Attendu qu'une telle analyse est erronée : qu'en effet, elle a contracté un emprunt sous forme de découvert en compte courant auprès de la banque PALATINE, et en garantie du remboursement de ce compte courant elle lui a cédé la créance de remboursement dont elle était titulaire à l'encontre de la SEM SARA, et elle verse aux débats la convention de cession à titre de garantie intervenue avec la banque PALATINE suivant acte sous seing privé fait à [Localité 4].
Elle estime qu'il résulte de ces dispositions contractuelles qui ne sont que le reflet des dispositions légales régissant la matière et de la jurisprudence subséquente, disposer d'un intérêt et de la qualité à agir contre la SEM SARA tant pour garantir que pour recouvrer la créance cédée.

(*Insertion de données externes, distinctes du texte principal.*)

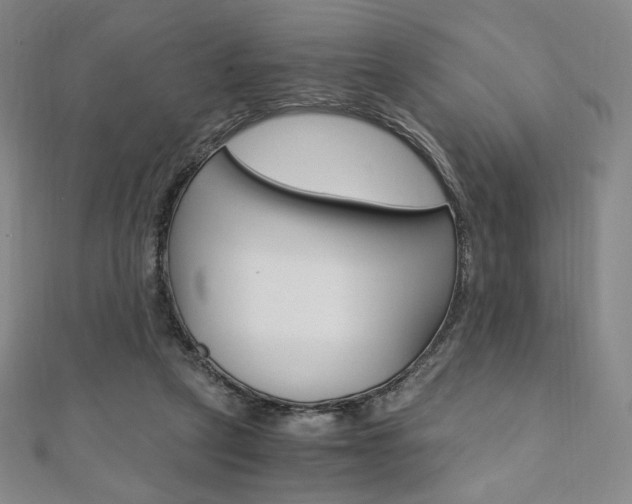 X0000110890257200906181012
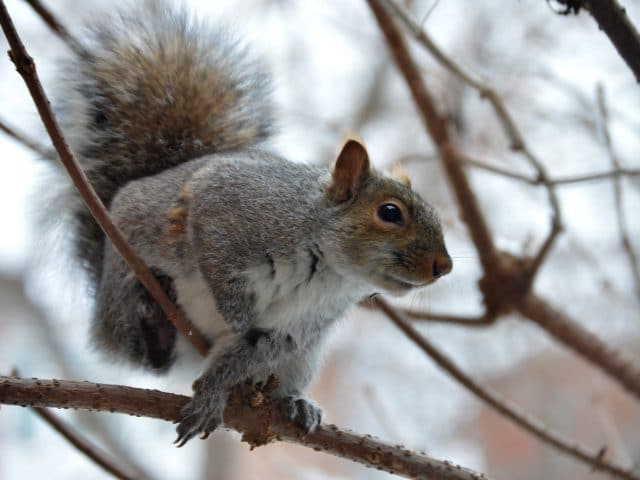 Tips for Hunting Squirrel Alone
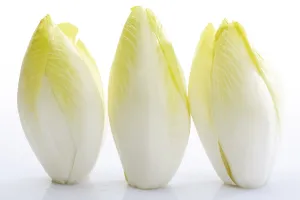 Fresh Vegetable Cutouts Impressions: Chicory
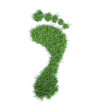Ecological footprint concept - grass patch footrpint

La promesse de vente du 2 février 2007 est une promesse synallagmatique de vente sous conditions suspensives, c'est-à-dire pour reprendre la terminologie de la SEM SARA qu'il s'agit d'une vente pure et simple subordonnée à la seule réalisation de conditions suspensives stipulées au profit du bénéficiaire de la promesse.
Cette promesse stipule tout à la fois que l'entier terrain est constructible (et donc qu'il n'existe aucune zone inconstructible) et qu'il n'existe aucune zone inondable sur ledit terrain.
Ces stipulations résultent des déclarations et engagements du promettant vendeur de la SEM SARA, et il est aujourd'hui établi et constant qu'il existe sur les terrains objet de la promesse un espace boisé classé de 9 ha, et une zone inondable de 3 ha.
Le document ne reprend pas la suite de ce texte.